The Bush administration has determined that all the new money allocated to rebuilding Iraq should go to prisons. "This is the one bit of construction we will be doing," the State Department's James Jeffrey told Reuters. According to the wire service, the Bush administration will be asking Congress for $100 million to expand the number of people that can be incarcerated in Iraqi prisons.
This seems a little odd to me. Sunni Arab guerillas in Iraq have been accusing the new Iraqi government, which is dominated by Shi'ite religious parties, of running sectarian death squads inside the Iraqi police and military.

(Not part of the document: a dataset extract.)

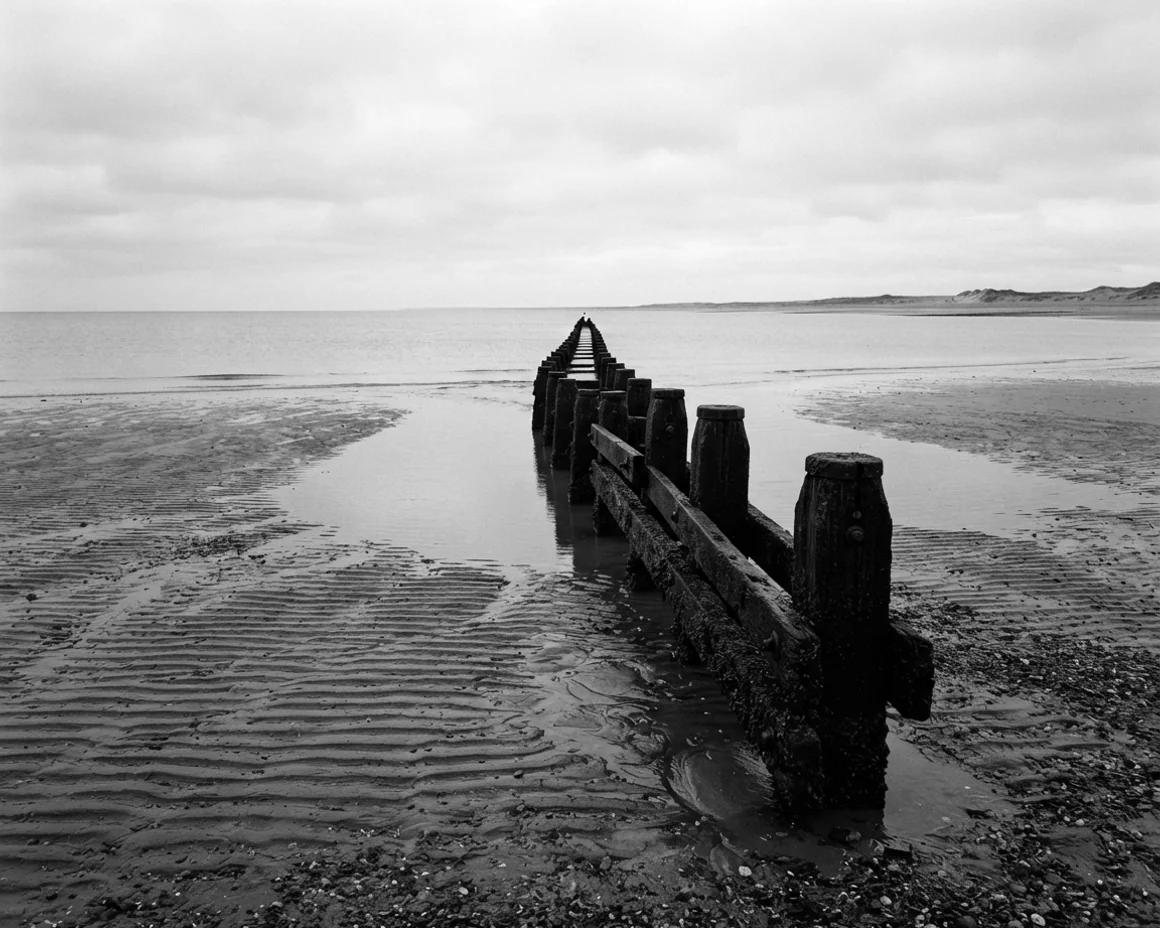 The same photograph of the groynes, printed and fixed but never toned, carrying no colour at any density.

An Iraqi NGO six weeks ago catalogued 125 reports of torture inside Iraqi-run prisons, according to a United Nations newswire. According to the Prisoners Association for Justice, former detainees often reported that they were beaten with cables, kicked in the testicles, burned with cigarettes, forced to wear hoods for days at a time, and forced to sign confessions while under interrogation.
"I was tortured by the Iraqi army and they used horrible ways to get information out of me," said Fahed Ahmed. "But after three months, they released me without any proof I was helping the insurgency." Ahmed said that beatings with cables was a "common punishment," and further claimed he had been raped twice while in detention by soldiers of the Iraqi army.
Meanwhile, in Kurdistan, the local authorities sentenced a high-profile journalist with an Austrian passport to 30 years behind bars. And the situation isn't any better in the American-run prisons. Two years after the first disgusting images from Abu Ghraib came to light, the United States military holds more than 14,000 people behind bars (this is in addition to those in Iraqi-run prisons). These prisoners are never given any kind of definite sentence and never get an open trial.
And so the prisons become a breeding ground for the insurgency. According to John Pace, the recently resigned United Nation's Chief for Human Rights in Iraq, 80-90 percent of those incarcerated are innocent. "These people are innocent," he told Pacifica's Democracy Now! program, "and when they are rounded up, by the time that they leave, quite a number of them are no longer as innocent as they were when they entered. Because obviously they are exposed to hardcore people who have a certain degree of violent instinct in them."
In addition, being wrongly imprisoned can leave a bad taste in your mouth – especially if when you're released you find that all the money for reconstruction is being diverted to prisons, while you have no job, no electricity, and no clean water.